Time for Musk to go to Plan B.

I guess that’s a no.

Close The Fed | April 15, 2022 at 3:14 pm

Hm. Interesting the board has the right to save its own skin. Against the shareholders’ financial interests.

Oughtta be a law….

    henrybowman in reply to Close The Fed. | April 16, 2022 at 12:41 am

    Poison pills can bite you in the ass.
    One company I worked for had a poison pill that immediately vested all outstanding unvested employee shares if the company was acquired.
    Then these same geniuses chose to invite a leveraged acquisition with the pill still in place.
    Woops.

So the plan is to dilute the shares outstanding. Yeah, forcing the price to crash will save them.

So far, Musk own 9% as does Morgan Stanley who at this point would certainly jump at Musk’s $54.20 bid to pocket a certain 40%+ profit. That totals 18% in favor. The Saudi’s are holding out for a higher bid for their 5.2%. Jack Dorsey? I imagine the other investment firms would be in favor, those who didn’t sell out last year or since.

I doubt this poison pill will work. A certain profit vs certain major loss?

The above accounts for 23% of shares with 18% accepting the bid, 5% against for now, leaving 77%. Assume half are for accepting and that brings Musk up to about 60-61% with the likelihood of the investment banks throwing in their shares too. So it boils down to how much money are the nays willing to risk?

I expect the next round will be a proxy war with Musk winning in a rout.

    I’m not versed on this, but what is stopping Musk from using a proxy like a mutual fund 98% based on Twitter as a go-around?

      I don’t understand the question.

      JohnSmith100 in reply to Andy. | April 16, 2022 at 9:28 pm

      In other words, work with third parties to acquire stakes, and eventually consolidate them.

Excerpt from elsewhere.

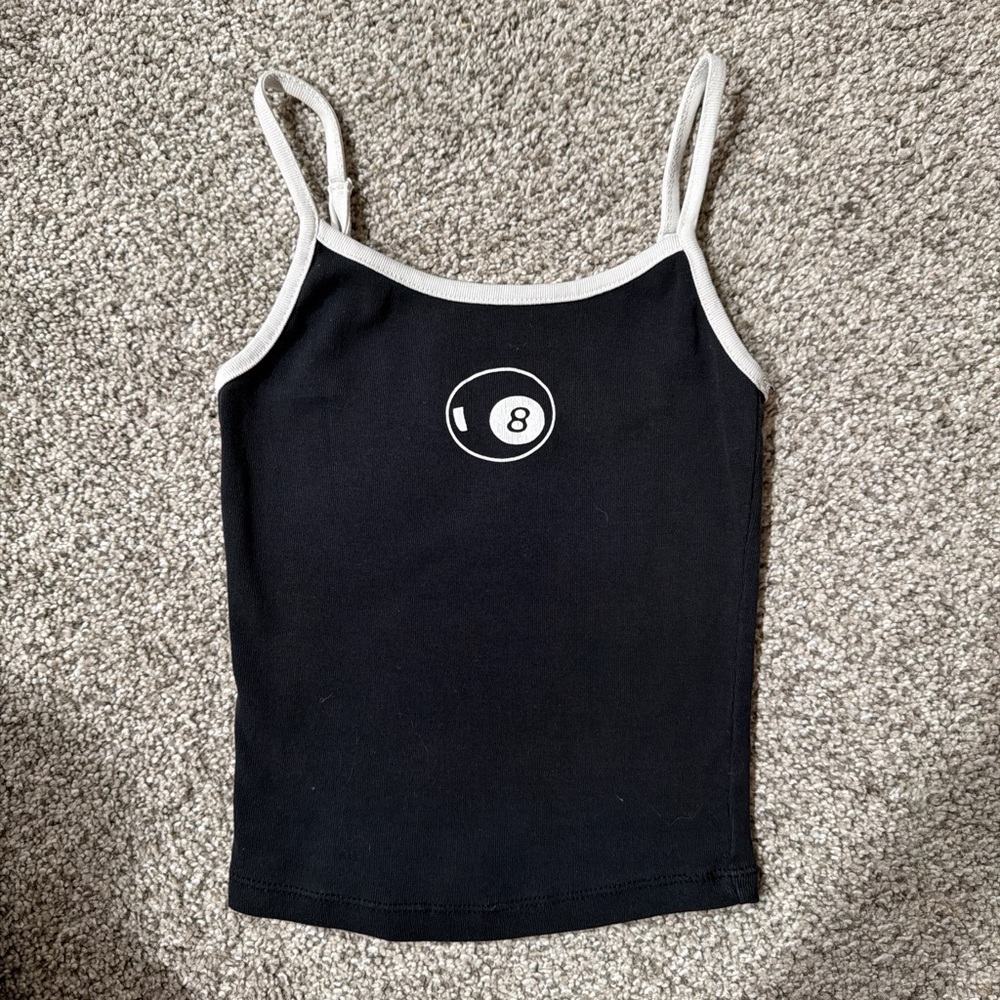 Kids Full Tilt Black Camisole with White Trim
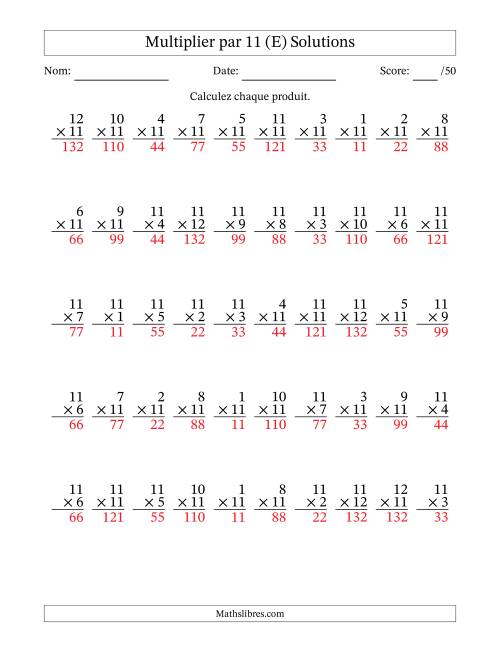 Multiplier (1 à 12) par 11 (50 Questions) (E) page 2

        That’s one of the options I discuss below. The most logical and ripe allies would be the mutual fund companies and several already own sizable positions. All it would take would be for Morgan Stanley and Vanguard to join Musk in building their positions to 14.9% each. That takes us to 44.7% right there. Goldman Sachs might then jump into the fight and buy back the shares they dumped last year. Same with Fidelity. The problem is that they have already satisfied their fiduciary responsibilities by dumping a lousy investment. But they might be enticed to jump in and carry the day to save shareholder capitalism. This is a bigger fight than just who controls Twitter. It could set the stage for the destruction of our capital markets if shareholder interests are subordinated to government mandates (ESG). I don’t know how to invest under fascism nor under communism. Investing would just dry up for lack of opportunity. No one trusts the government to manage money. Investing would just become another tax…. like health insurance e.g.

        There is plenty of reason to hope for white knights to step up out of the shadows here. Lots of wealthy investors are probably waking up finding themselves staring into the abyss. This could be the end for more than just Twitter. That’s why it wouldn’t shock me if even Jack Dorsey stepped in to fight his board members. Going from well off to insanely wealthy and back to well off when they can stop it? This isn’t a board game. The game pieces are real human beings with human traits and emotions. Anything can happen when everything is at stake.

Musk must have known this was a possibility. Looks like shares are slightly down so far today (at the moment). That argues that they should take Musk’s bid. But I don’t think the folks on Twitter’s board are motivated entirely by money. If they were, they would have taken it first without the argument.

He can probably ask the SEC to step in or sue to make them do it, but the folks at the SEC don’t like him any more than the Twitter board does.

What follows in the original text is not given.